The direct link is https://support.scinet.utoronto.ca/courses/?q=node/99.
If you do not have a SciNet account but wish to register for this course, please email support@scinet.utoronto.ca .
Sign up is closed.
Part 1: Scientific Software Development
Prerequisites
Some programming experience. Some unix prompt experience.
Software that you'll need:
A unix-like environment with the GNU compiler suite (e.g. Cygwin), and Python 2, IPython, Numpy, SciPy and Matplotlib (which you all get if you use the Enthought distribution) installed on your laptop. Links are given at the bottom of this page.
Dates
January 15, 17, 22, 24, 29, and 31, 2013
February 5 and 7, 2013
Topics (with lecture slides and recordings)
Lecture 1: C++ introduction
Lecture 2: More C++, build and version control
- Guest lecturer: Michael Nolta (CITA) for the git portion of the lecture.
- C++ and Make slides / C++ and Make video recording / Git slides / Homework assigment 1
Lecture 3: Python and visualization
Lecture 4: Modular programming, refactoring, testing
Lecture 5: Object oriented programming
Lecture 6: ODE, interpolation
Lecture 7: Development tools: debugging and profiling
Lecture 8: Objects in Python, linking C++ and Python
Homework assignments
HW1
Multi-file C++ program to create a data file
We’ve learned programming in basic C++, use of make and Makefiles to build projects, and local use of git for version control. In this first assignment, you’ll use these to make a multi-file C++ program, built with make, which computes and outputs a data file.
- Start a git repository, and begin writing a C++ program to
- Get an array size and a standard deviation from user input,
- Allocate a 2d array (use the code given in lecture 2),
- Store a 2d Gaussian with a maximum at the centre of the array and given standard deviation (in units of grid points),
- Output that array to a text file,
- Free the array, and exit.
- The output text file should contain just the data in text format, with a row of the file corresponding to a row of the array and with whitespace between the numbers.

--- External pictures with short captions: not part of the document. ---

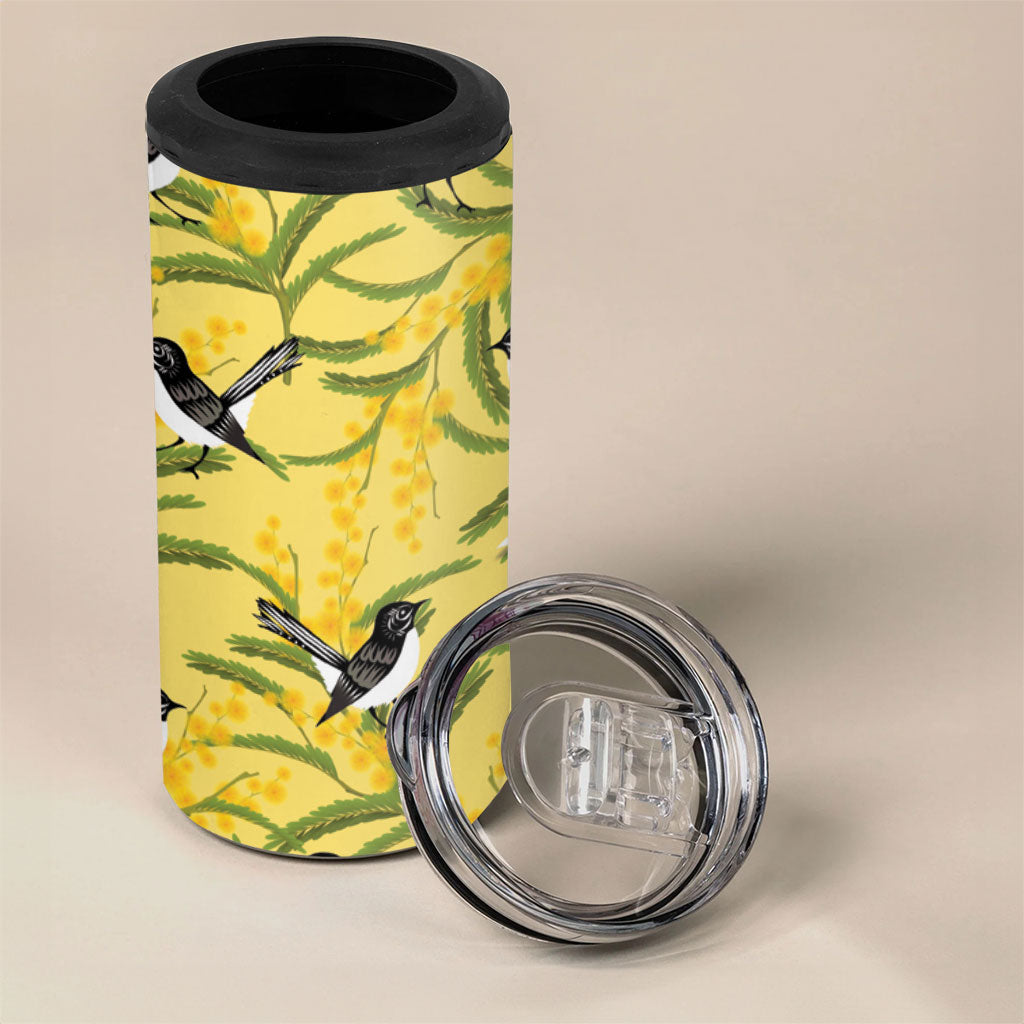 Australia Wattle Day 4 in 1 Can Cooler Tumbler Acacia Pycnantha Willie Wagtail Seamless Style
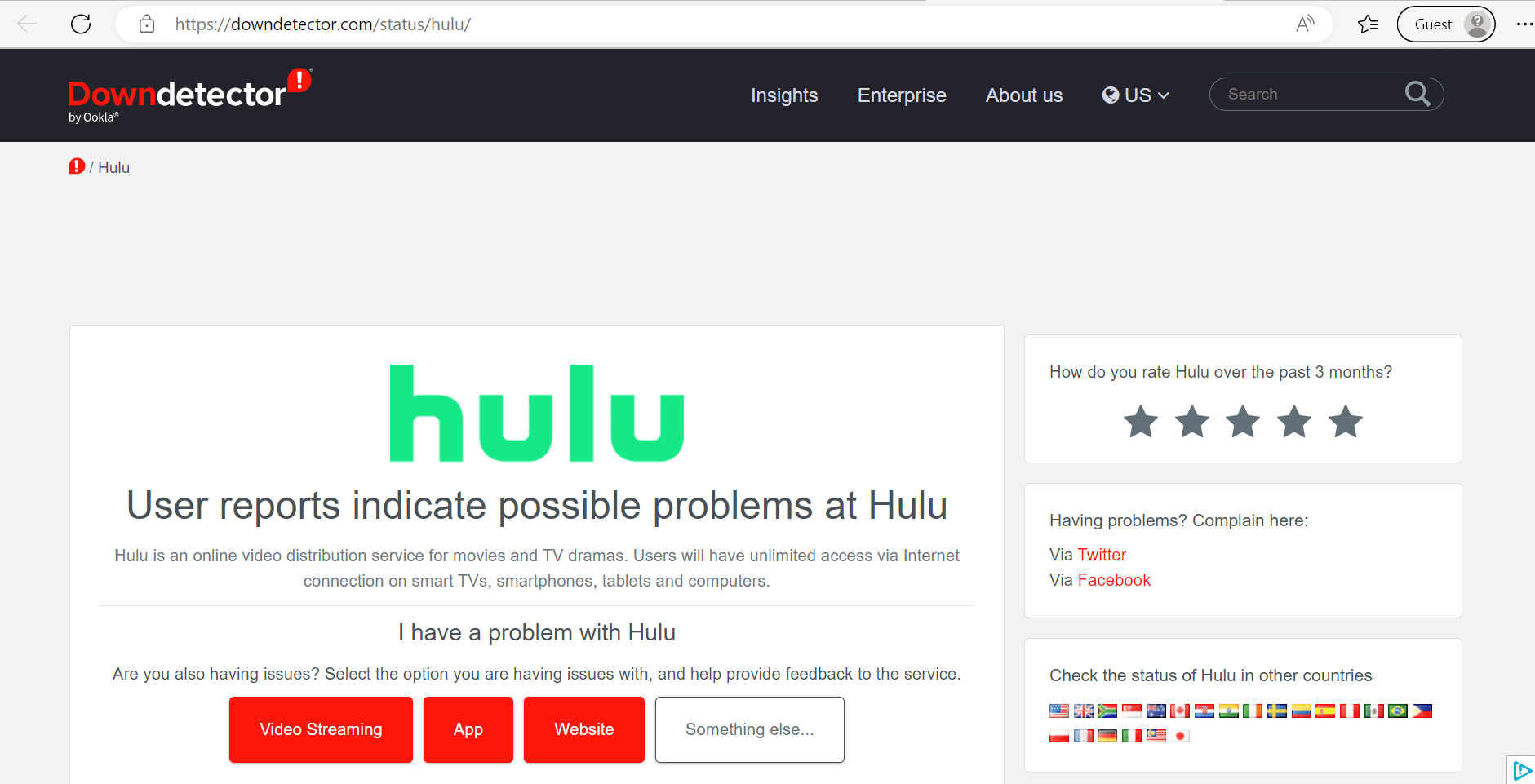 estado del servidor hulu en downdetector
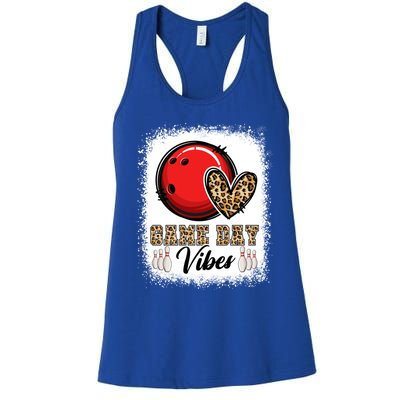 Bleached Bowling Game Day Vibes Bowling Mom Game Day Season Gift Women's Racerback Tank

- The 2d array creation/freeing routines should be in one file (with an associated header file), the gaussian calculation be in another (ditto), and the output routine be in a third, with the main program calling each of these.

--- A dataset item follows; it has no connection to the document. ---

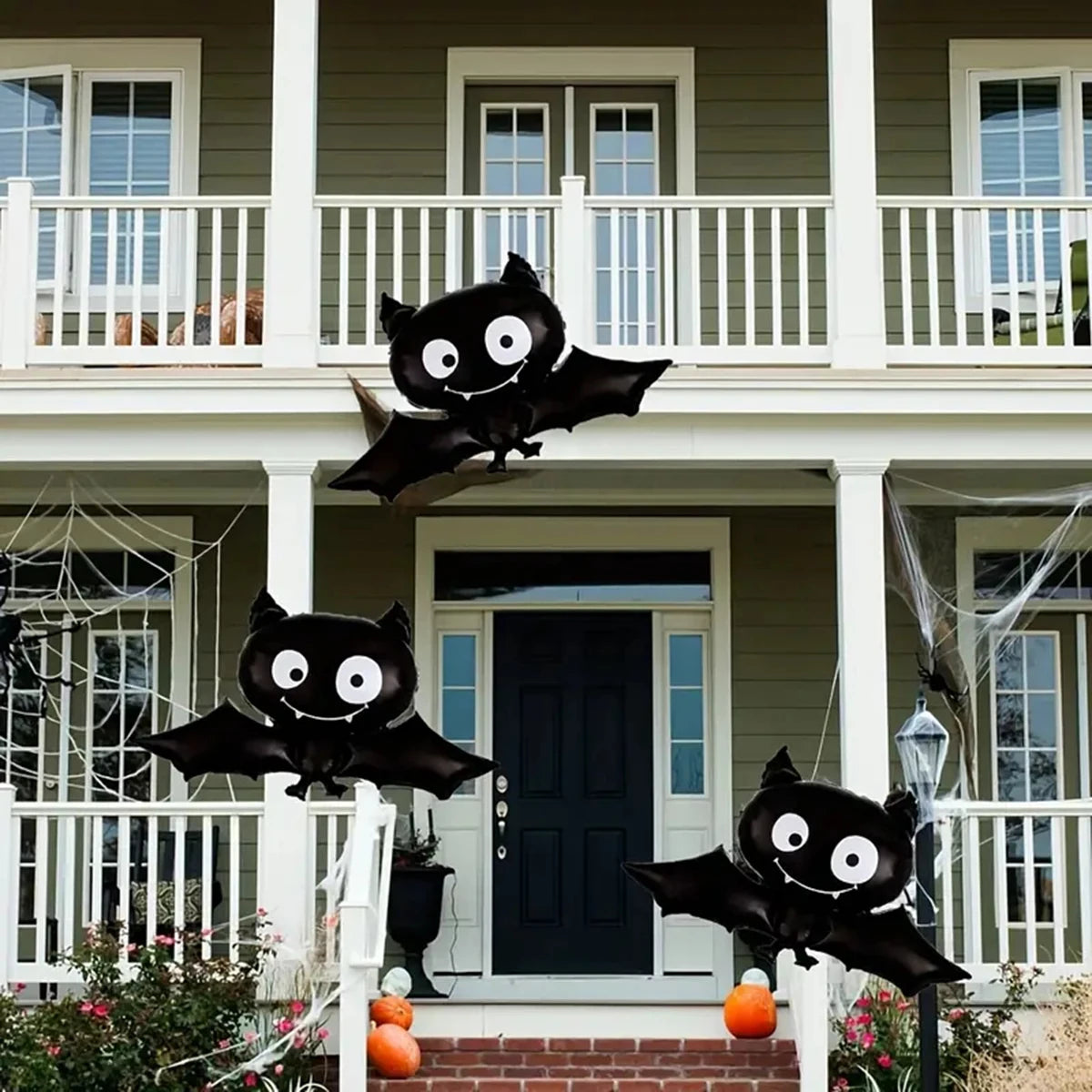 イベント・ハロウィン装飾｜コウモリ型アルミバルーンセット(3個)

- Use a makefile to build your code (add it to the repository).
- You can start with everything in one file, with hardcoded values for sizes and standard deviation and a static array, then refactor things into multiple files, adding the other features.
- As a test, use the ipython executable that came with your Enthought python distribution to read your data and plot it.
If your data file is named ‘data.txt’, running the following:
$ ipython --pylab In [1]: data = numpy.genfromtxt('data.txt') In [2]: contour(data)
should give a nice contour plot of a 2-dimensional gaussian.
- Email in your source code, makefile and the "git log" output of all your commits by email by at 9:00 am Thursday Jan 24th, 2013. Please zip or tar these files together as one attachment, with a file name that includes your name and "HW1".
HW2
Refactor legacy code to a modular project with unit tests
In class, today, we talked about modular programming and testing, and the project we’ll be working on for the next three weeks. This homework will start advancing on that project by working on the “legacy” code given to us by our supervisor (diffuse.cc), with a corresponding python plotting script (plotdata.py), and whipping it into shape before we start adding new physics.
- Start a git repository for this project, and add the two files.
- Create a Makefile and add it to the repository.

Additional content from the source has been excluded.